E. Praschan, a member of the EPA's "Environmental Technology Verification (ETV)" steering committee, reported that the Agency seems to have lost funding for that program designed to provide third party verification of performance claims by vendors of coating materials and application technologies intended to reduce air pollution. Subcommittee D01.55 on Factory Applied Coatings for Preformed Products is developing an ASTM Guide or Practice based on the ETV test protocol for coatings.

Since the meeting, as a consequence of a survey to the attendees for recommendations on how to improve the value of D01.08, additional speakers have been invited to the June meeting. Environment Canada will provide a summary of its plans for new coatings regulations. Also, the Executive Director of the Ozone Transport Region has been invited to share the group's plans.

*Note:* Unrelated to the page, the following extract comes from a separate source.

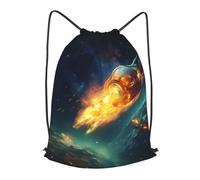 Anceky Drawstring Backpack Gym Drawstring Bags Spaceship on fire in space galaxy Swim Bag for Men Women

D01.15, Lectures and Symposia

W. Golton, Chair

This subcommittee is responsible for arranging lectures at meetings and occasional symposia. The program typically is a seminar with a few speakers on a topic of interest, staged annually at the January meeting. We have been calling this session a "mini-symposium" for a number of years. The program scheduled for January 24, "Statistics and Standardization," was well received by an audience of about 70 people. Speakers Robert Morrison, Louis Asher, and Tim Brooke did an excellent job of making statistics interesting. The chairman was disappointed that three subcommittees had scheduled meetings during the time scheduled for the lectures. A plea was made at the Executive Subcommittee for recognition of the need to not compete with programs at future D01 meetings.

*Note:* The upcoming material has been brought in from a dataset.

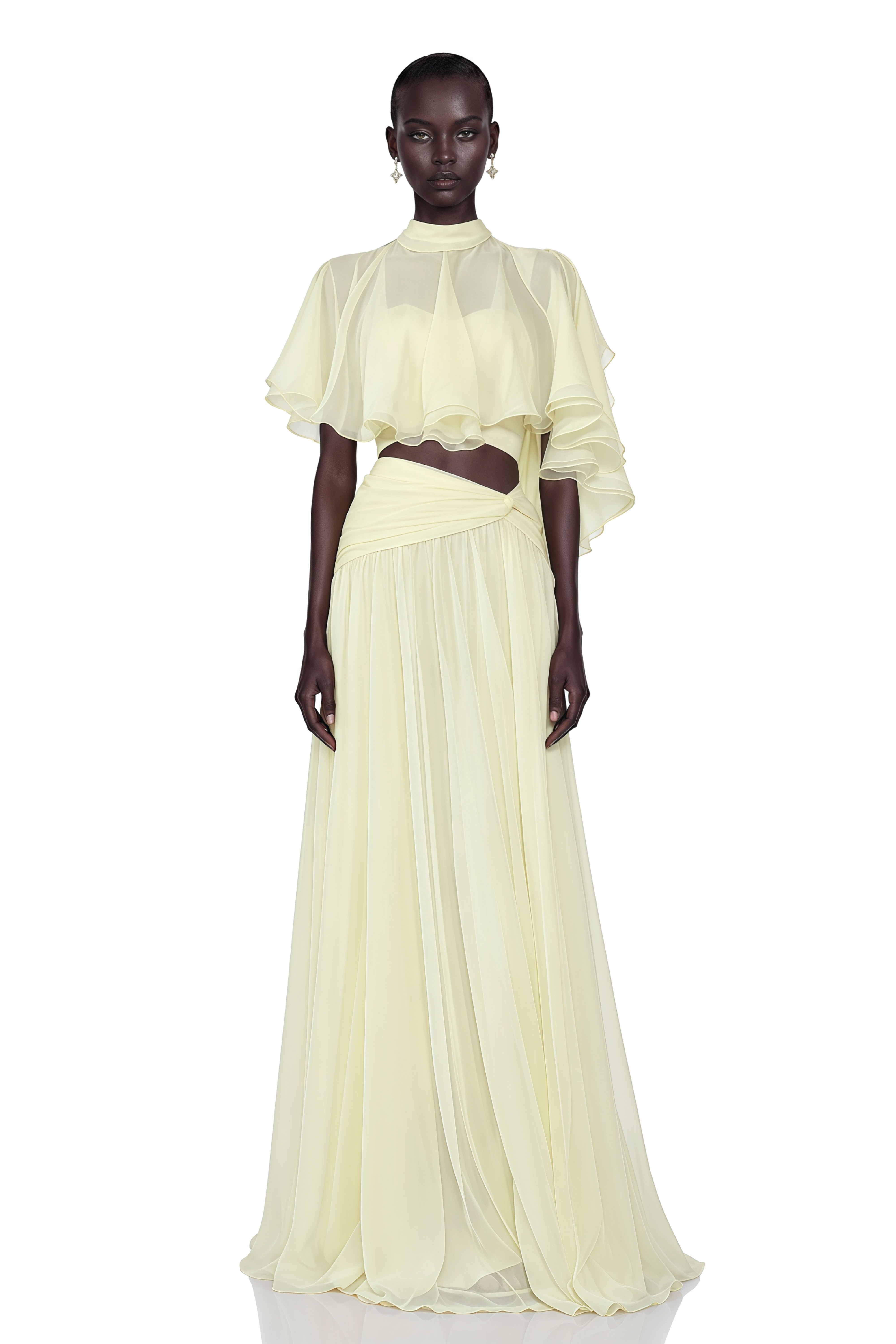Penelope Yellow Cut-Out Top & Maxi Skirt Set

On behalf of the ASTM staff, Tim Brooke requested that we call our annual lectures something other than a "mini-symposium." It seems that the appearance of the word symposium in the title was causing confusion at headquarters! It was agreed to adopt the term "D01 Technical Seminar" for future programs. It was decided that the topic for the January 2007 D01 Technical Seminar would be Recent Developments in Accelerated Weathering. Committee G03 on Weathering has agreed to cosponsor the program and their Chair, Warren Ketola, will work with this subcommittee to ensure a successful program.

D01.16, Terminology

J. Bryson, Chair

There were negatives on each of the following balloted definitions:

* drying oil, n -- an oil that, when applied as a thin coating, becomes a strong, flexible, cured film because of reaction with atmospheric oxygen.

DISCUSSION: Most drying oils are glycerin esters of highly unsaturated fatty acids. M. Skalka noted that the classification of an oil does not depend on application thickness. The following definition will be considered:

drying oil, n -- an oil that, when exposed as a film to air, will oxidize and polymerize into a strong, flexible, cured film.

DISCUSSION: Most drying oils are principally glycerin esters of di-unsaturated and tri-unsaturated fatty acids.

* crawling: The wrong definition was balloted; it received numerous negatives. Bryson found that there is one definition in use for wet coatings, and a different one for over caulk. A revised definition will be screened and balloted.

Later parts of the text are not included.